When it comes to the Canada Post strike plus lockout (getting very tired of headline writers who don’t understand that the two terms are not synonymous), it’s not at all clear to me that the government has lived up to its constitutional obligations. The full text of the bill is here. Most of it is standard attempts to load the dice in the employer’s favour — the arbitrator has to consider Canada Post’s long-term viability, the arbitrator is confined to certifying either the union’s or the employer’s last best offer, so far, so legal in Canada. Cagey arbitrators can get around some of these provisions, too — long-term viability, for example — but last best offer is a really mean way of sending things to arbitration.

The part that surprised me, though, is Section 15:

15. The new collective agreement is deemed to provide for the following increases to salaries:
(a) effective February 1, 2011, salaries in effect as of January 31, 2011 are increased by 1.75%;
(b) effective February 1, 2012, salaries in effect as of January 31, 2012 are increased by 1.5%;
(c) effective February 1, 2013, salaries in effect as of January 31, 2013 are increased by 2%; and
(d) effective February 1, 2014, salaries in effect as of January 31, 2014 are increased by 2%.

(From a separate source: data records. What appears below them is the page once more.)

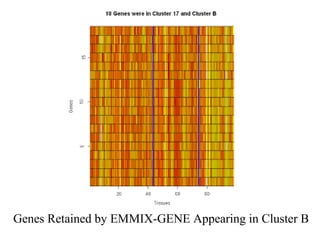 Genes Retained by EMMIX-GENE Appearing in Cluster B
 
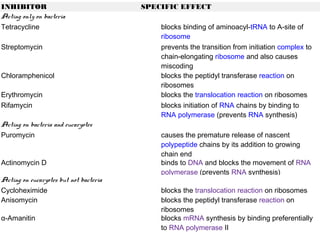 INHIBITOR                               SPECIFIC EFFECT
Acting only on bacteria
Tetracycline                                blocks binding of aminoacyl-tRNA to A-site of 
                                            ribosome
Streptomycin                                prevents the transition from initiation complex to
                                            chain-elongating ribosome and also causes
                                            miscoding
Chloramphenicol                             blocks the peptidyl transferase reaction on
                                            ribosomes
Erythromycin                                blocks the translocation reaction on ribosomes
Rifamycin                                   blocks initiation of RNA chains by binding to 
                                            RNA polymerase (prevents RNA synthesis)
Acting on bacteria and eucaryotes
Puromycin                                   causes the premature release of nascent 
                                            polypeptide chains by its addition to growing
                                            chain end
Actinomycin D                               binds to DNA and blocks the movement of RNA
                                            polymerase (prevents RNA synthesis)
Acting on eucaryotes but not bacteria
Cycloheximide                               blocks the translocation reaction on ribosomes
Anisomycin                                  blocks the peptidyl transferase reaction on
                                            ribosomes
α-Amanitin                                  blocks mRNA synthesis by binding preferentially
                                            to RNA polymerase II
 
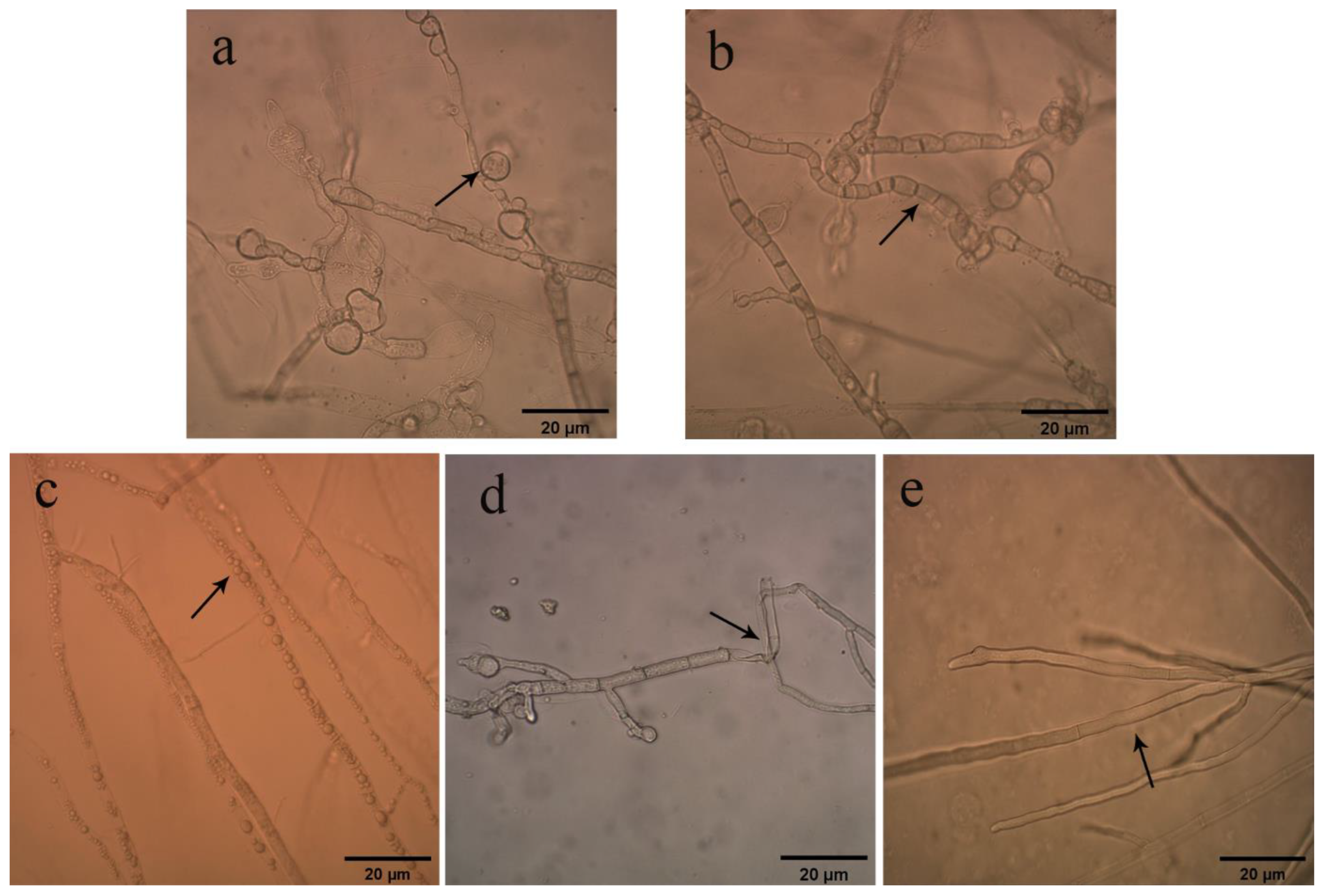 Pathogens 11 00595 g001 550
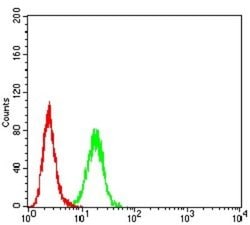Complement Component C1qC Antibody (4H9D7) - BSA Free, Novus Biologicals:Antibodies:Primary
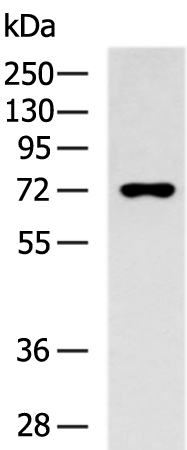 Rabbit Polyclonal Antibody to MAN1B1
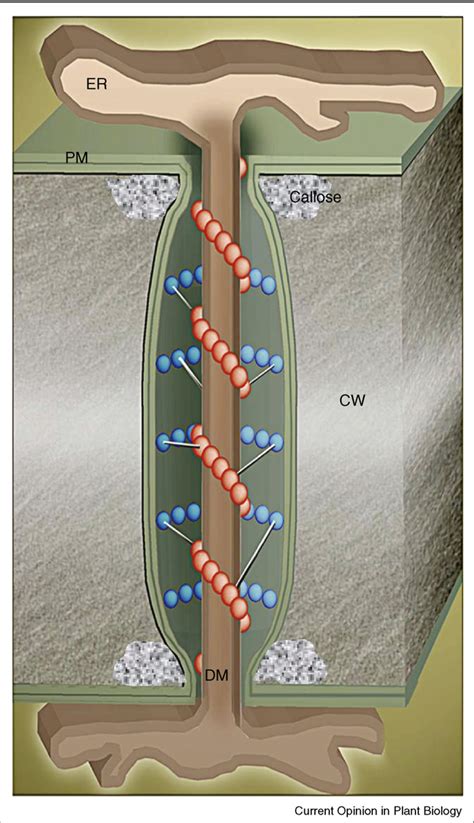 Plasmodesmata: structure, function and biogenesis. | Semantic Scholar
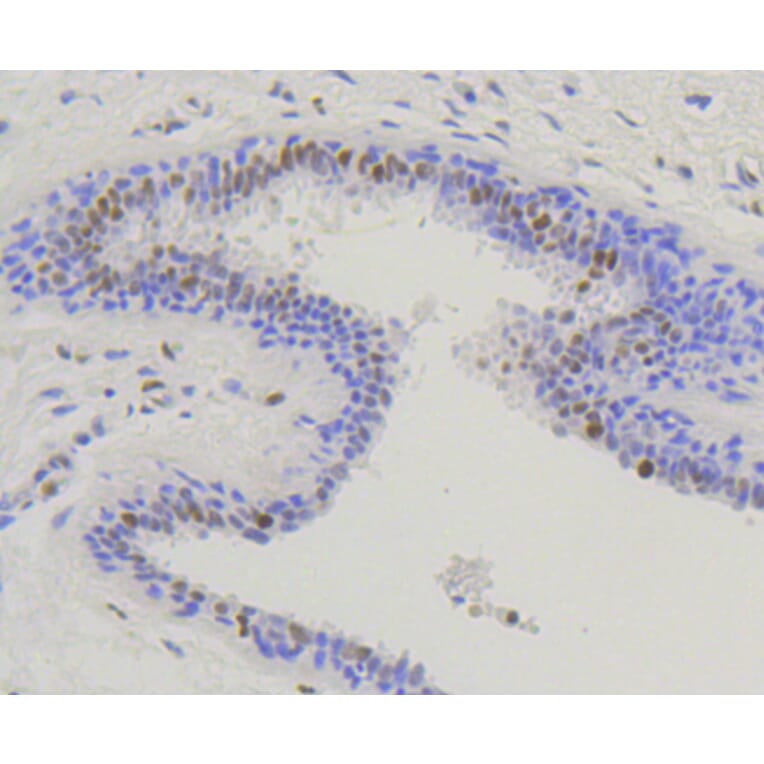 Immunohistochemistry - Anti-NFE2L2 (phospho S40) Antibody (AP0634) - Antibodies.com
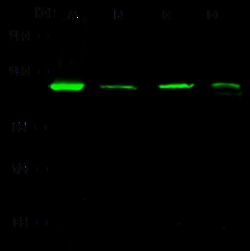 Sino Biological Anti-AP2A2 Antibody, Rabbit Polyclonal, Quantity: Each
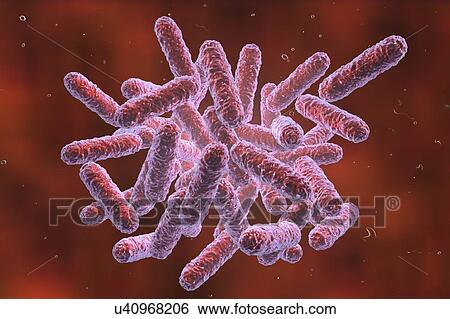 Stock Photograph - Enterobacteriaceae bacteria, computer illustration. These are Gram-negative rod-shaped bacteria. The family Enterobacteriaceae includes the genera Escherichia, Shigella, Salmonella, Klebsiella, Yersinia, Citrobacter, and Enterobacter. Some of these.... Fotosearch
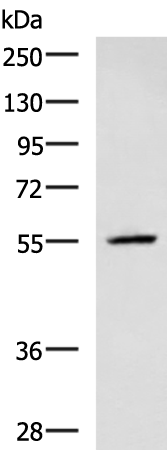 Anti-CEP57 Rabbit Polyclonal Antibody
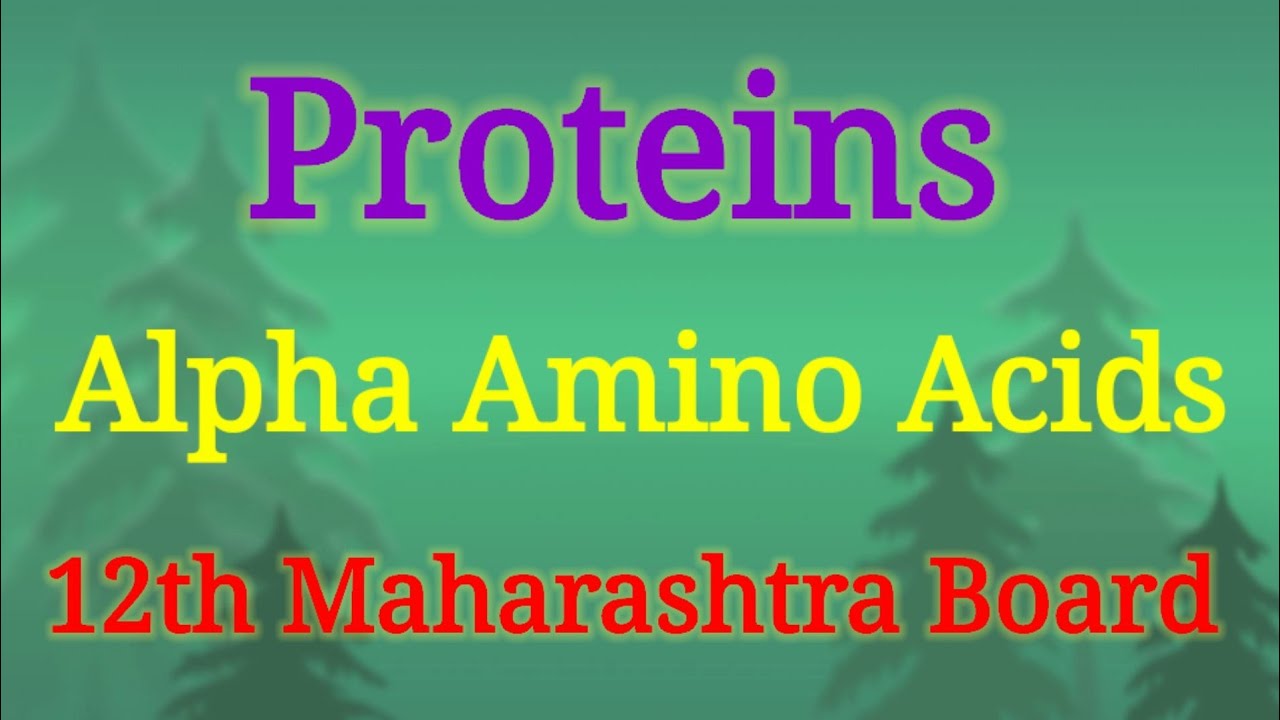 7. Proteins : Introduction And Alpha Amino Acids | Class 12th Board ...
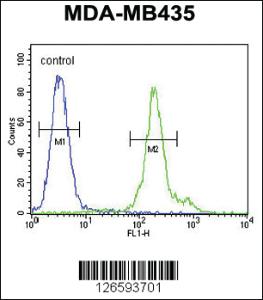 Anti-FBXL14 Rabbit Polyclonal Antibody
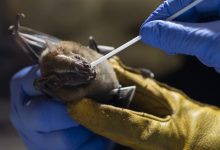 New Coronavirus Strain in Brazilian Bats Sparks Global Concern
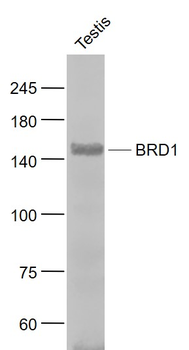 BRD1 Rabbit Polyclonal Antibody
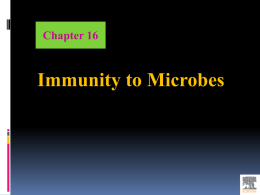 Innate and Adaptive Immune Responses to Viruses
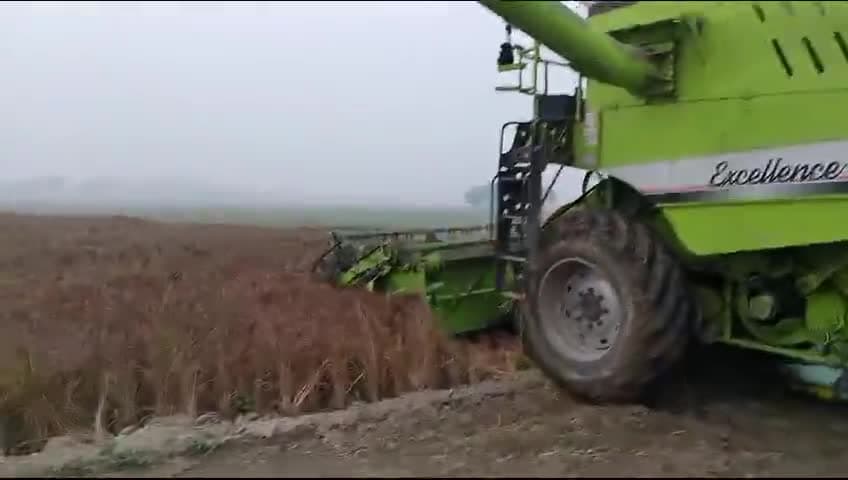 गेहूं की कटाई #harvest #happy #harvesting #gorakhpur #viral #trend #dabua #BK #bansgaon #gola #faridabad  #fasal #news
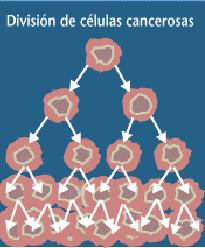 Polo contrario, cando as células dun tumor son capaces de invadir os tecidos circundantes ou distantes,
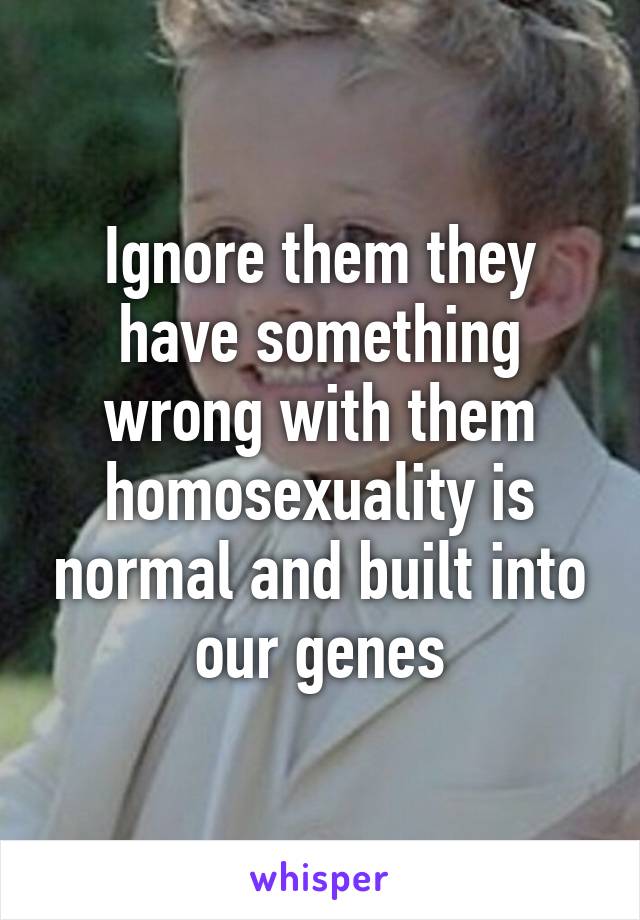 Ignore them they have something wrong with them homosexuality is normal and built into our genes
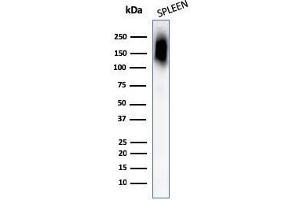 Western Blot Analysis of human Spleen tissue lysates using CD45RB Monoclonal Antibody (PTPRC/1132). (CD45 antibody)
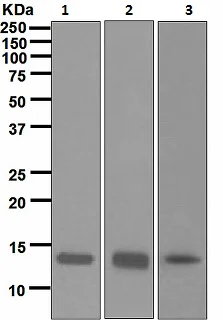 Western blot - Anti-Histone H2A.X antibody [EPR895] - Nuclear Marker (AB124781)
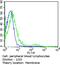 T Cell Receptor Alpha Constant antibody, TCR2764, Invitrogen Antibodies, Flow Cytometry image 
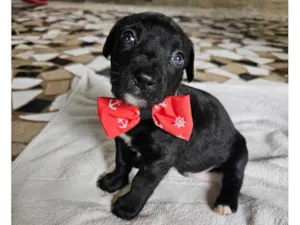 Cachorro raça SRD-ViraLata idade Abaixo de 2 meses nome Teodoro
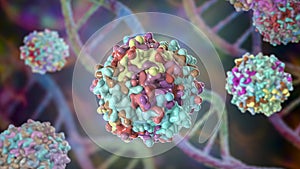 Adeno-associated viruses, 3D illustration photo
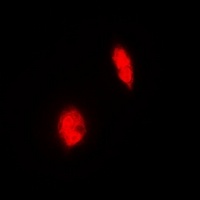 Anti-ERG Antibody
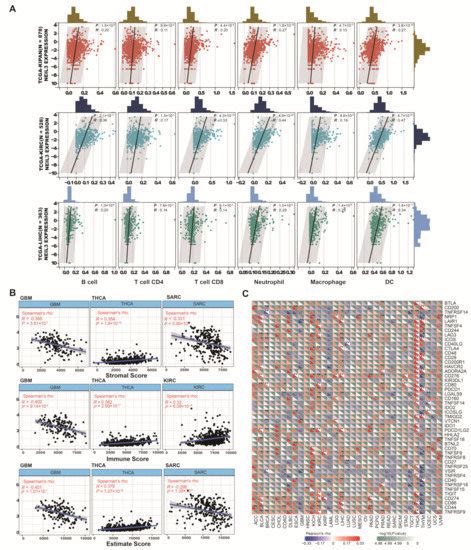 Cancers Free Full Text Pan Cancer Landscape Of Neil3 In Tumor Microenvironment A Promising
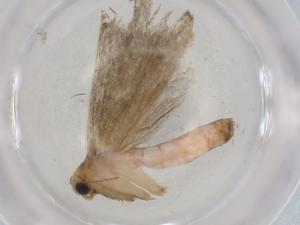  (Erebostrota Malaise3612 - BIOUG94254-B11)  @11 [ ] CreativeCommons - Attribution (2022) Centre for Biodiversity Genomics Centre for Biodiversity Genomics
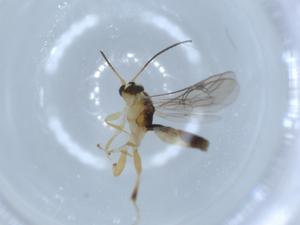  ( - BIOUG53603-F09)  @12 [ ] CreativeCommons - Attribution (2020) Centre for Biodiversity Genomics Centre for Biodiversity Genomics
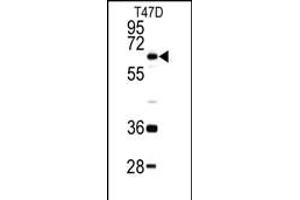 Western blot analysis of DDX5 antibody (C-term) (ABIN391668 and ABIN2841579) in T47D cell line lysates (35 μg/lane). (DDX5 antibody  (C-Term))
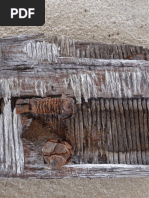 Artigo_gloria Diogenes_pixo e Politica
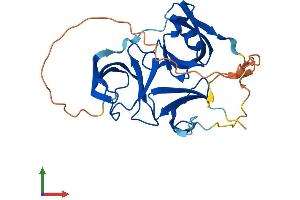 AlphaFold protein structure predicition of Human Recombinant SPIN1 Protein, UniprotID Q9Y657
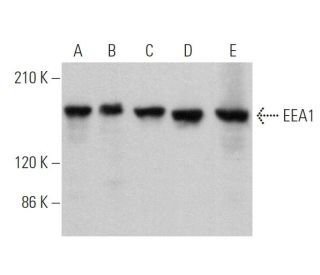 EEA1 Antibody (G-4) - Western Blotting - Image 373033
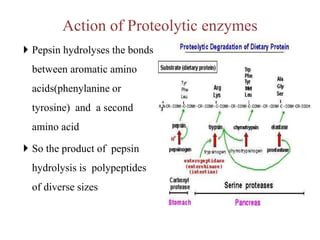 Action of Proteolytic enzymes
 Pepsin hydrolyses the bonds
between aromatic amino
acids(phenylanine or
tyrosine) and a second
amino acid
 So the product of pepsin
hydrolysis is polypeptides
of diverse sizes
 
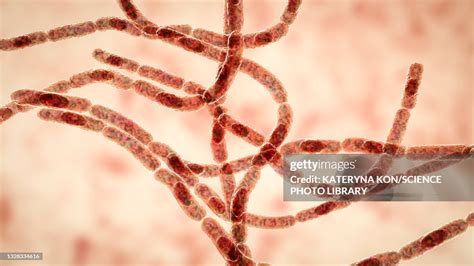 Anthrax Bacteria Illustration High-Res Vector Graphic - Getty Images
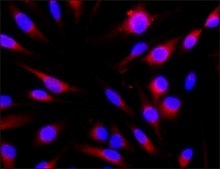 Anti-PMEL antibody produced in rabbit affinity isolated antibody, buffered aqueous solution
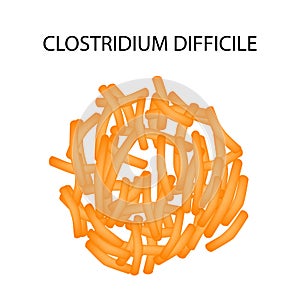 Clostridium difficile. Pathogenic flora. The bacterium causes intestinal diseases. Infographics. Vector illustration. photo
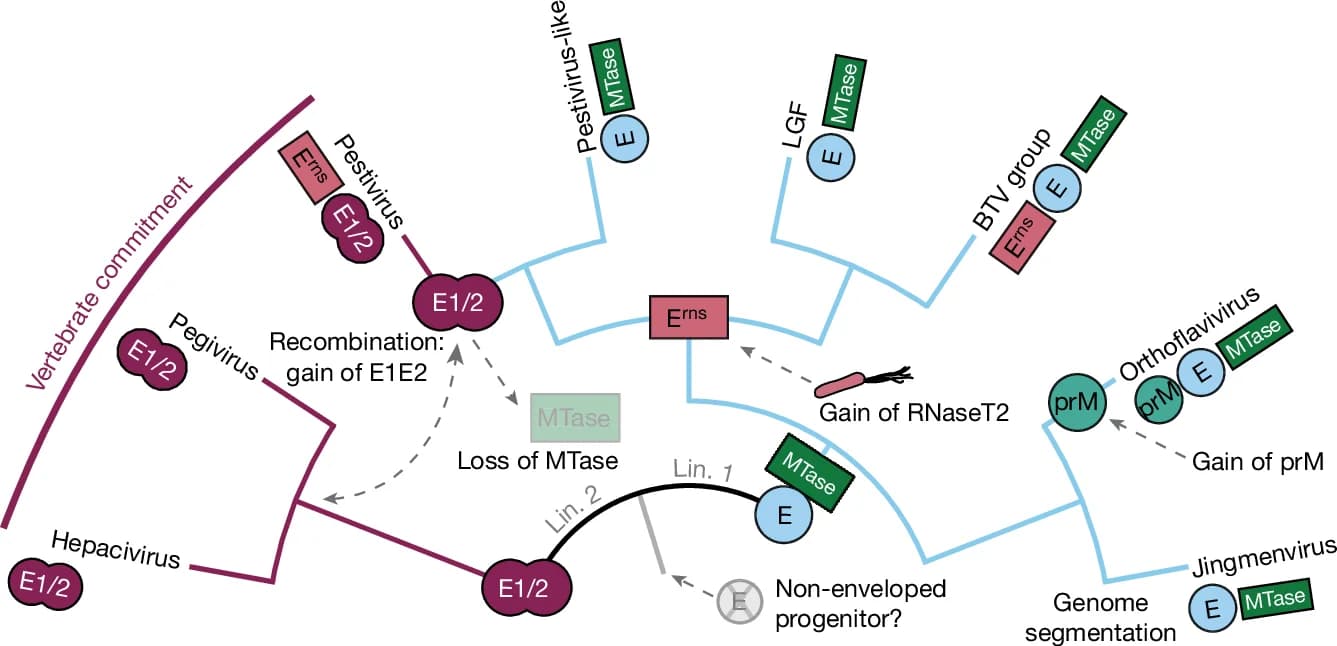 Open access visualization of Pathway, Cladogram, Protein Acquisition, Protein Loss, Flaviviridae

Either the government is gambling that CUPW won’t take them to court — or, possibly, gambling that they can stack the court in time and well enough to reverse or limit Health Services — or they have really shitty lawyers drafting their bills. (Or, I suppose, they didn’t bother to check the constitutionality of this. Harper’s arrogant enough; I would have thought the Ministry of Labour had some competent bureaucrats vetting these things, though.) As far as I can tell, this does amount to “substantial interference” in the collective bargaining process. A key issue in workplace bargaining is wages. The government’s bill not only legislates wages, but does so at levels that are well under either the union’s last offer or Canada Post’s. Section 13 (3) seems to eliminate even the arbitrator’s power to change the salaries. Once this bill becomes law, then no one, save the Supreme Court, could change that contract term.

The only possible justification I can see the government offering here is a section 1 justification under the Charter — that the infringement of the right to bargain collectively is a reasonable limit prescribed by law as can be demonstrably justified in a free and democratic society. But this takes us back to the liberty arguments, and the aspects of international law which are universally in favour of a right to collectively bargain, to unionize, and to strike.

If CUPW chooses to fight this legislation in court, the government could be on its way to an long-lasting and colossal error that will have significant impact on labour relations in this country. Health Services was decided because the Gordon Campbell government in BC massively overreached — it launched an all-out war on labour in the province (a general strike was being discussed as a possibility at one point), went too far, and got the Supreme Court to limit the power of governments to intervene in labour disputes. Harper may be the next right-winger to go too far, and force the Court to limit the power of governments even further.